[Data extracted from a collection]

********

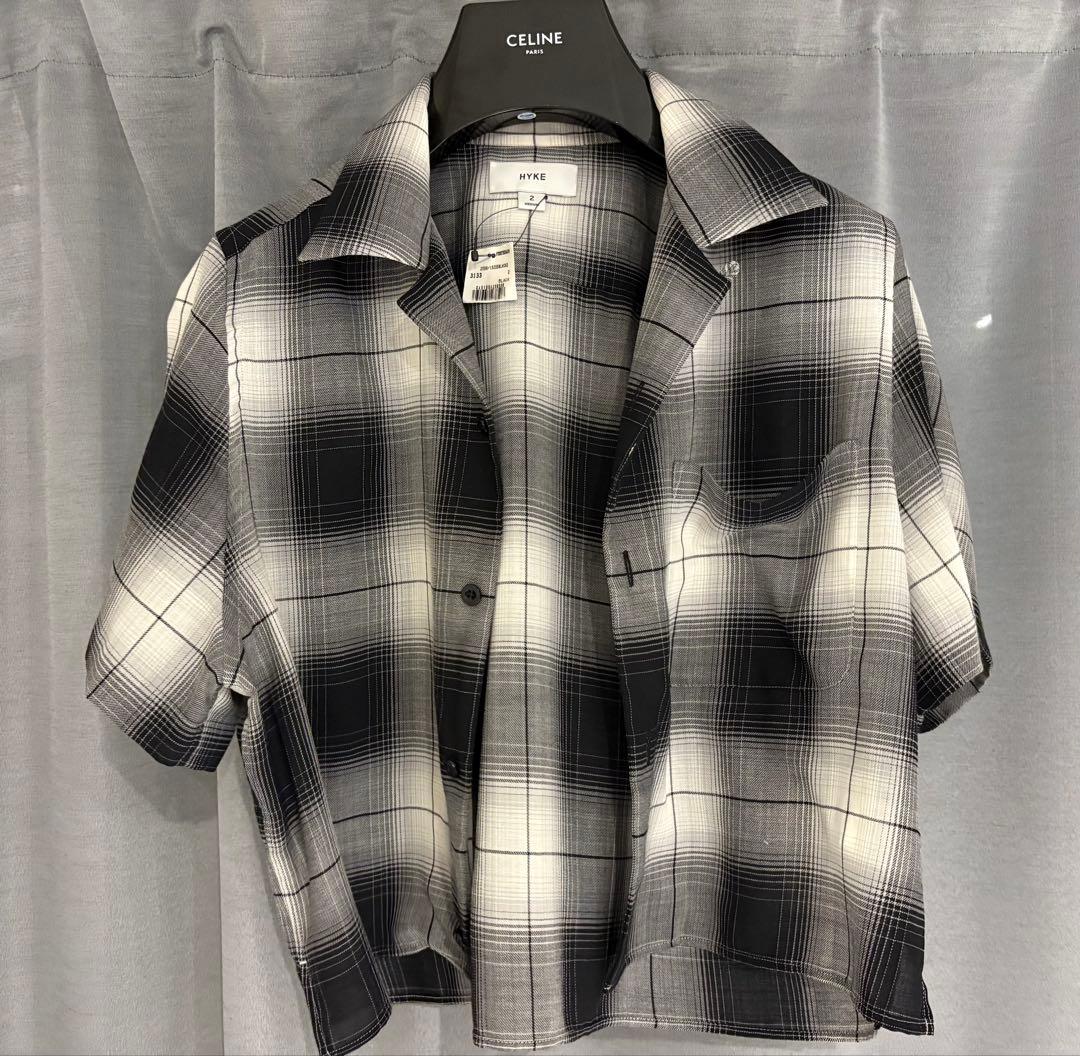 HYKE ハイクオンブレ チェック クロップド シャツ 黒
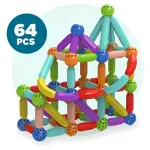 Juego Bloques Magnéticos Para Armar 64 Piezas Magnetic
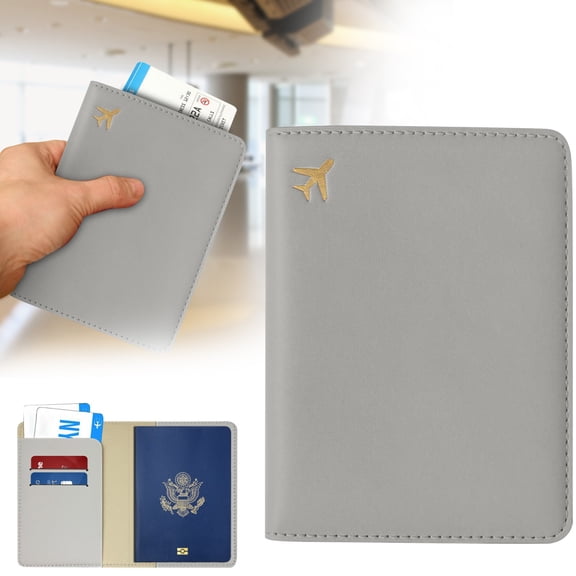 YYKihy PU Leather Passport Holder Blocking Travel Document Organizer With Card Slots Photo Pocket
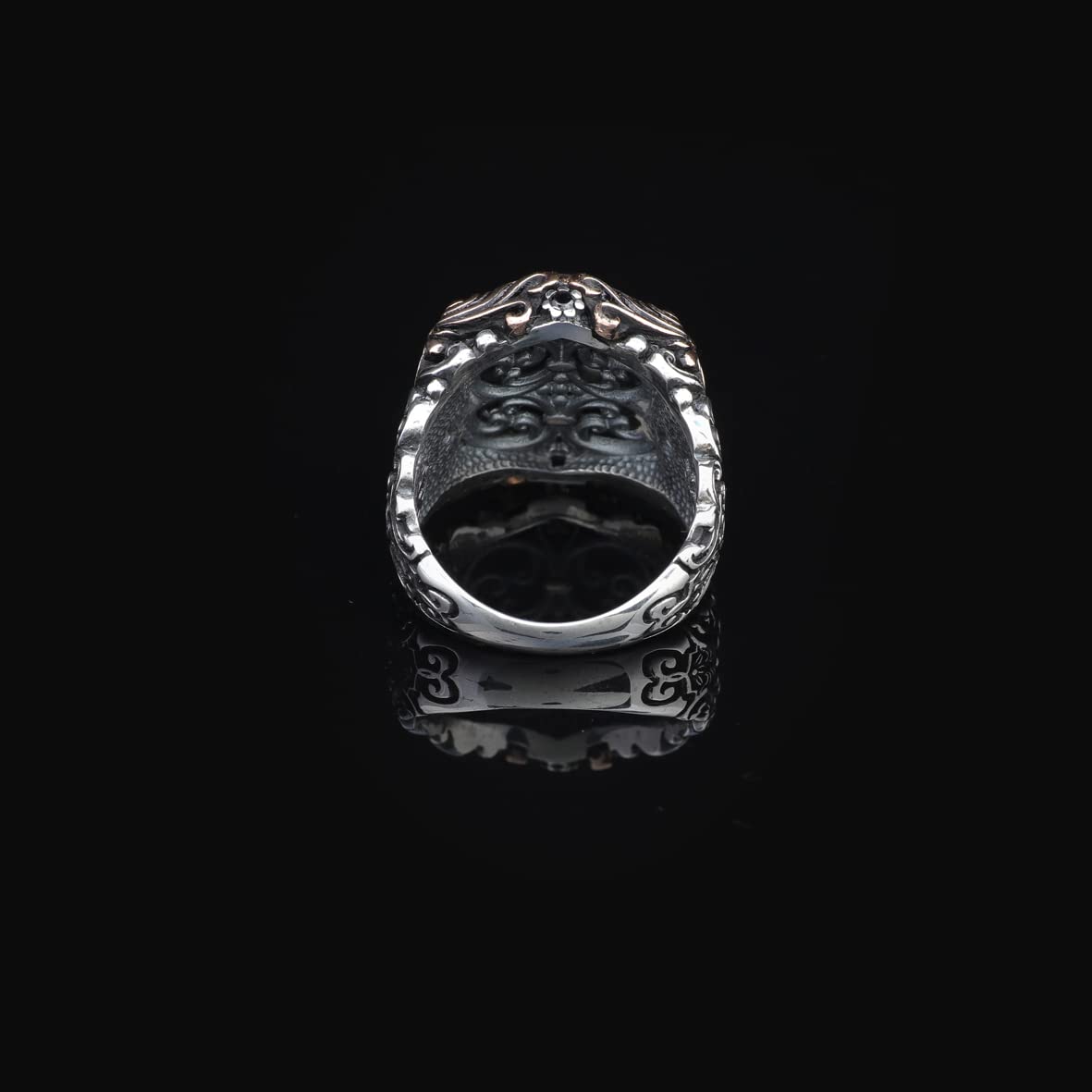Black Onyx Ring with Vibrant Ottoman-Inspired Patterns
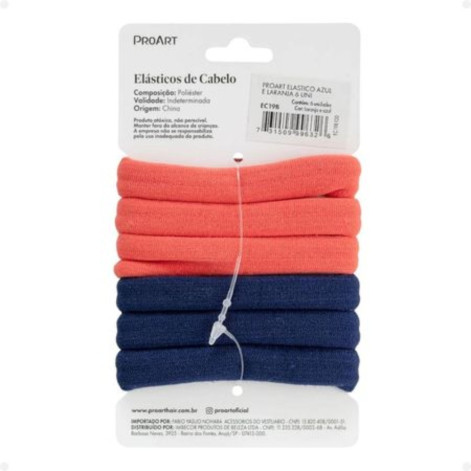 Elástico De Cabelo Proart Azul e Laranja 6 Unidades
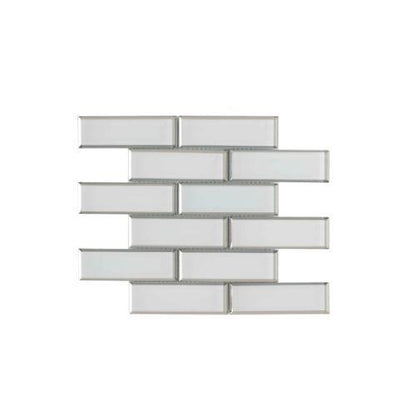 Crystal in White Brick Pattern - 2 X 6 Mosaic Tile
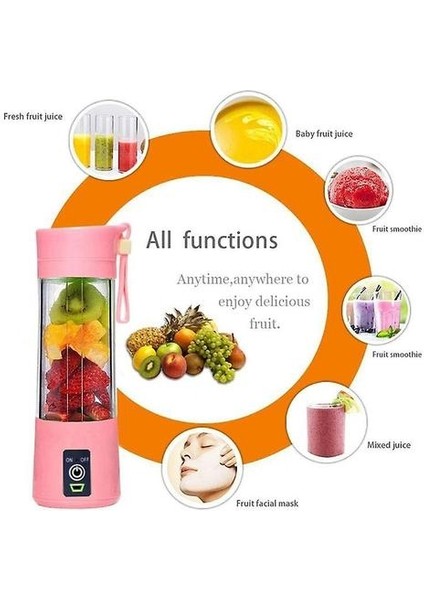 Three Beans Taşınabilir Blender USB Mikser Elektrik Sıkacağı Makinesi Smoothie Blender Mini Gıda Işlemcisi Kişisel Limon Sıkacağı Portakal Sıkacağı (Mor) (Yurt Dışından)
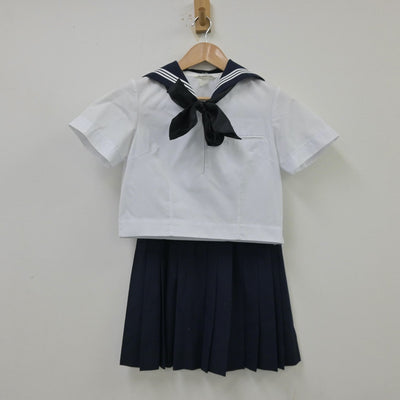 【中古】東京都 駒場高等学校 女子制服 3点（セーラー服・スカート）sf013830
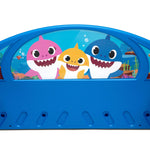 Baby Shark Plastic Sleep and Play Plastic Toddler Bed with Attached Guardrails by Delta Children, Blue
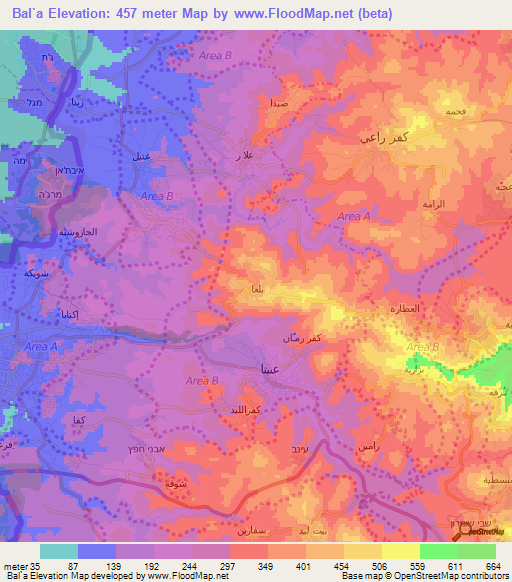 Bal`a,Palestinian Territory Elevation Map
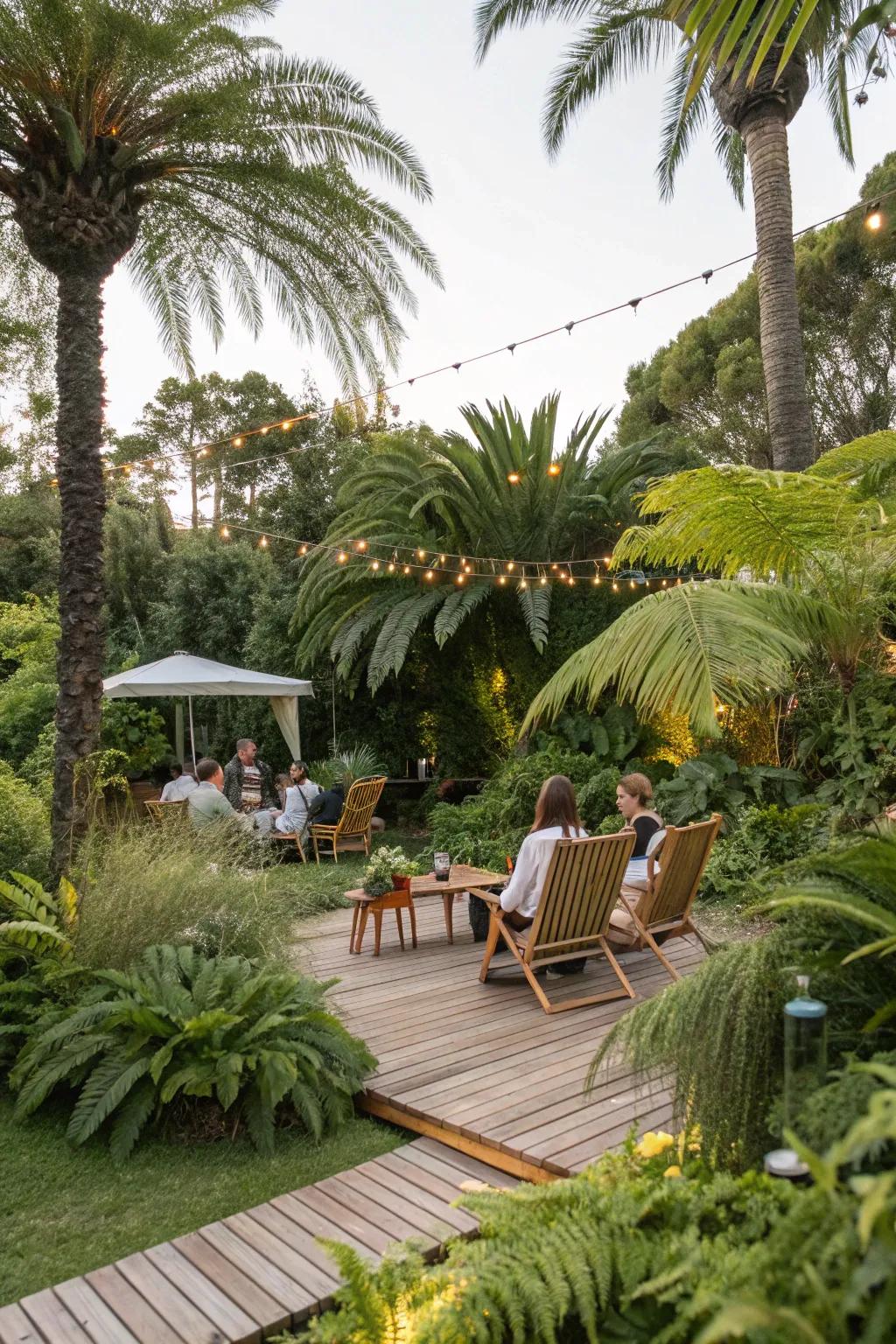 An exquisite tropical garden arrangement ideal for hosting a memorable celebration.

********

■ PROBLEM REQUIREMENTS: Write every record out again exactly as written. Pictures don't belong in the copy.

■ RESULT FOR THIS EXERCISE:
 HYKE ハイクオンブレ チェック クロップド シャツ 黒
 Juego Bloques Magnéticos Para Armar 64 Piezas Magnetic
 YYKihy PU Leather Passport Holder Blocking Travel Document Organizer With Card Slots Photo Pocket
Black Onyx Ring with Vibrant Ottoman-Inspired Patterns
 Elástico De Cabelo Proart Azul e Laranja 6 Unidades
 Crystal in White Brick Pattern - 2 X 6 Mosaic Tile
 Three Beans Taşınabilir Blender USB Mikser Elektrik Sıkacağı Makinesi Smoothie Blender Mini Gıda Işlemcisi Kişisel Limon Sıkacağı Portakal Sıkacağı (Mor) (Yurt Dışından)
 【中古】東京都 駒場高等学校 女子制服 3点（セーラー服・スカート）sf013830
 Baby Shark Plastic Sleep and Play Plastic Toddler Bed with Attached Guardrails by Delta Children, Blue
 Bal`a,Palestinian Territory Elevation Map
 An exquisite tropical garden arrangement ideal for hosting a memorable celebration.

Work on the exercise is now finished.